By Damion Smalls
Boosted by increased voter turnout, an energized campaign and a yearning for change, first time politician JA Moore defeated the incumbent and Assistant House Majority Whip Samuel Rivers, Jr. to take over the SC House District 15 seat. Crediting the victory to the people, Moore declared that “This representation is for all of us,” once the final general election tally was released.
Elected as a Republican in 2012, Rivers was widely expected to hold on to his SC House of Representatives seat. As seen in the nationwide results of the November 6 midterm elections, a “blue wave” of Democratic support carried to shore a slew of fresh faces and grassroots candidates, which included the 52 percent to 47 percent edge Moore achieved over Rivers.
Parts of Charleston and Berkeley counties compose District 15. Moore garnered support during his campaign from influential groups and leaders such as Cory Booker, Marlon Kimpson, Jim Clyburn, Ill Vibe The Tribe, Julian Castro, March For Our Lives, Carolyn Hunter, Bakari Sellers, Marvin Pendarvis, and the ILA Local 1422.
As per usual with political races, Moore was the victim of a smear campaign that sought to discredit the candidate throughout the election cycle. No stranger to adversity, Moore battled on and persevered through the harsh landscape. “Our energy was too strong. They tried to stop it, but the support thrown my way was overwhelming,” states Moore.
“The tragedy in Pittsburgh especially struck my core because it vividly brought back my emotions and feelings the night of June 17, 2015, in Charleston, SC, where my sister and eight others were murdered,” Moore said in an October 30 statement after the mass shooting that killed eleven people at the Tree of Life Synagogue in Pittsburgh. “I know first-hand how the families will suffer and grieve today, and how they will carry their losses through the rest of their lives. It was the feeling of loss and wanting to do more that became the catalyst for my decision to offer myself as a public servant for South Carolina House District 15.”
Public education is to be the number one focus for Moore. “We have to pay our teachers and state employees better,” he says. “Tuition-free technical colleges” is a proposal of Moore’s that could aid workers and students. Additional pushes developed by Moore to be addressed are improved public transportation, more affordable housing options and local economic invigoration.

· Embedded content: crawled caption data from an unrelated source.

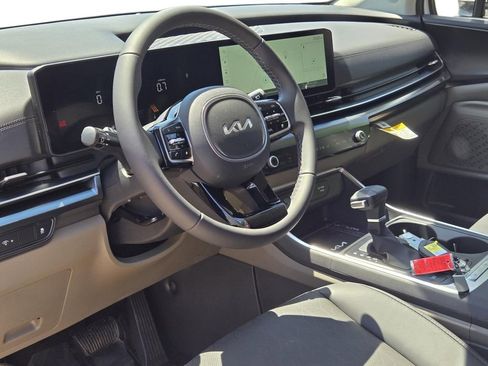 New 2026 Kia Carnival image 17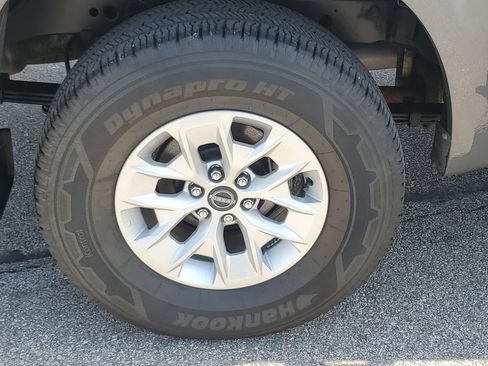Used 2024 Nissan Frontier SV AWD/4WD image 10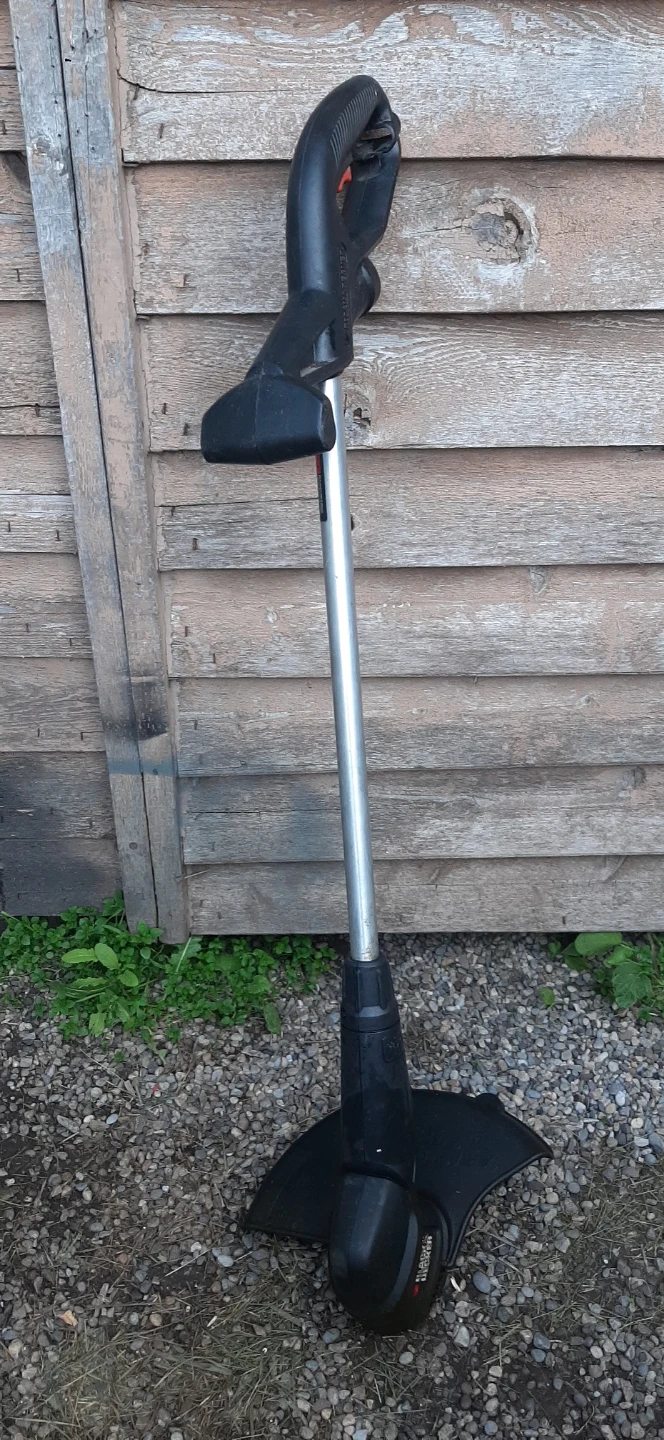 Black & Decker Electric String Trimmer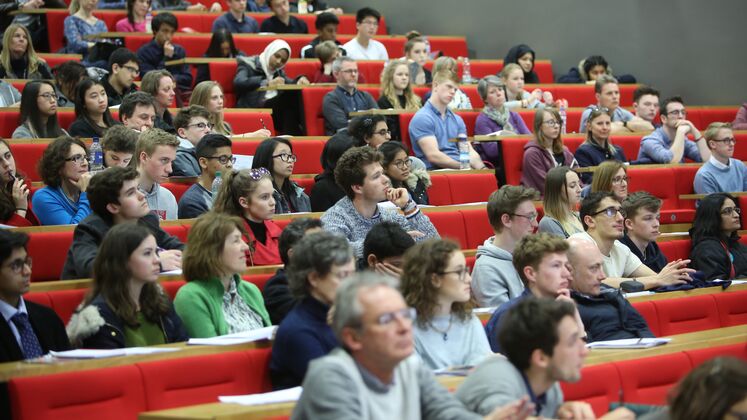 open-day-students-listening-lecture-747x420-16-9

Rep. Moore is looking forward to listening to the concerns of his constituents and working with them to remain in touch with the community at all times. He plans on utilizing an ‘open-door’ approach to his time in office so residents can feel free to contact him and be a part of the process. “We all have to be active citizens,” Moore believes.
A slogan that Moore used during the campaign, “Walk With Me,” is now being applied to Dist. 15 residents as he heads to state capitol to represent the area in the South Carolina legislature. He is relying on an engaged and focused populace that will hold him and his political colleagues accountable for their initiatives and goals. “It’s going to take all of us to win in the end,” Moore reminds. “I will do what it takes and continue to fight for my community. I need them to walk with me to Columbia.”
Warning against the complacency that a political win for a newcomer that could set in, Moore is ready to work now. “The fight’s not over,” he exclaims. The Berkeley County Democratic Party is hosting a post-election breakfast November 17 at Heart to Heart International Ministries (106 Behrman St. Ste 101, Moncks Corner) at 10 AM. Moore is excited to attend and invites the public to bring their ideas with them to help him become the best representative that he can be.